In the Bayesian analysis, the fixed-effects model has been chosen and the random-effects model has also been implemented for a sensitivity analysis, and heterogeneity & inconsistency checking. Even if it enables estimation of an additional between-study covariance matrix, the random-effects model returned quite similar comparison results to the fixed-effects model, which proved the homogeneity and consistency of the NMA at the network level. In the Bayesian framework, the fixed-effects model was favored because of its simplicity and robustness, where “robustness” meant the quickly-reached convergence of simulated Markov chain. However, if experts’ opinion were available, random-effects model would have an advantage by permitting the definition of a group of hyper-parameters which could reflect prior belief on the study heterogeneity. In the Bayesian framework, informative prior distributions may have improved the parameter estimation and reduced the uncertainty of estimation.

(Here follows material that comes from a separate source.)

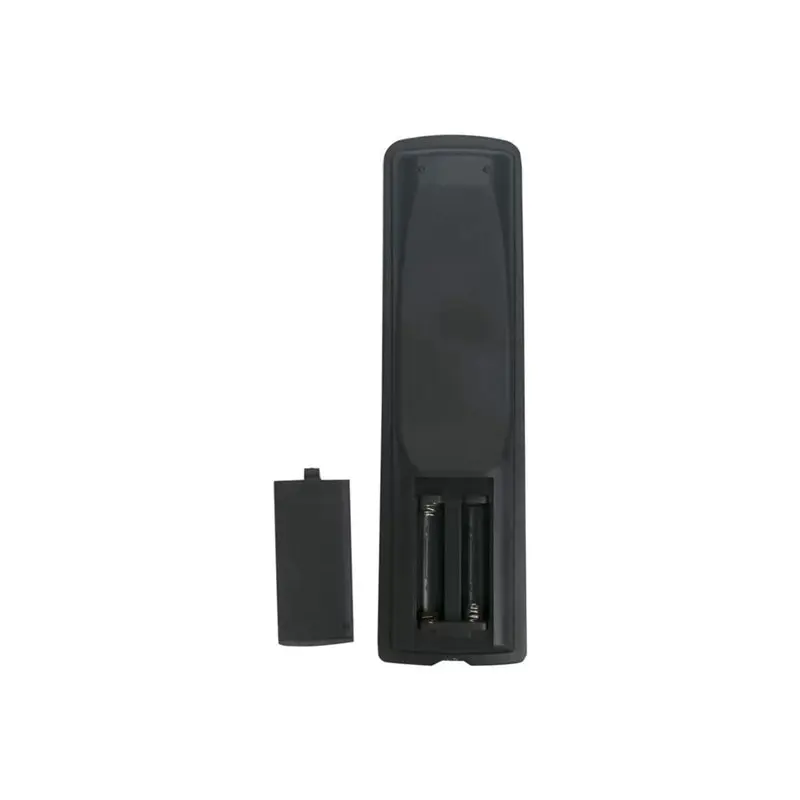 A31T RC5300SR Remote Control Replacement for Marantz AV System SR6200 SR5400 SR5500 4300 4500 Controllers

A limitation of the PFS analysis was the differing definitions of disease progression assessment (investigator versus independent). Independent review committee PFS was not available from CheckMate025 study, and hence investigator assessed PFS was used in this analysis instead. The results of this analysis were reported over 36 months, while the data were extracted from RCTs with shorter follow-up time. The OS in real-life may differ from the estimated OS, given that the treatment persistence could differ from the persistence observed in the RCTs. A possible direction for future work is to implement the generalized gamma distribution, which includes various commonly used parametric survival distributions, such as Weibull, exponential, log-normal distributions. An improved model fit over Weibull or log-normal would then be envisaged [50]. The NMA model extended the classical meta-analysis model by comparing multiple studies with multiple arms. Provided that the network would remain connected, i.e. neighbor studies shared a common treatment, new studies and treatments could be easily added to the model and the approach remains feasible.

Conclusions

Our NMA reviewed and analyzed the existing literature for RCTs examining PFS and OS of cabozantinib, everolimus, axitinib, sorafenib, nivolumab and best supportive care treatments for aRCC in the second- and subsequent line settings. Our review has identified that cabozantinib significantly improves PFS outcomes in aRCC. The results of our NMA did not show a statistical difference between cabozantinib and comparator therapies with regards to OS, except when compared to everolimus. However, the results of the HR NMA and the parametric curve NMA favored cabozantinib.

Supporting information

S3 File. Algorithm for fixed effect model.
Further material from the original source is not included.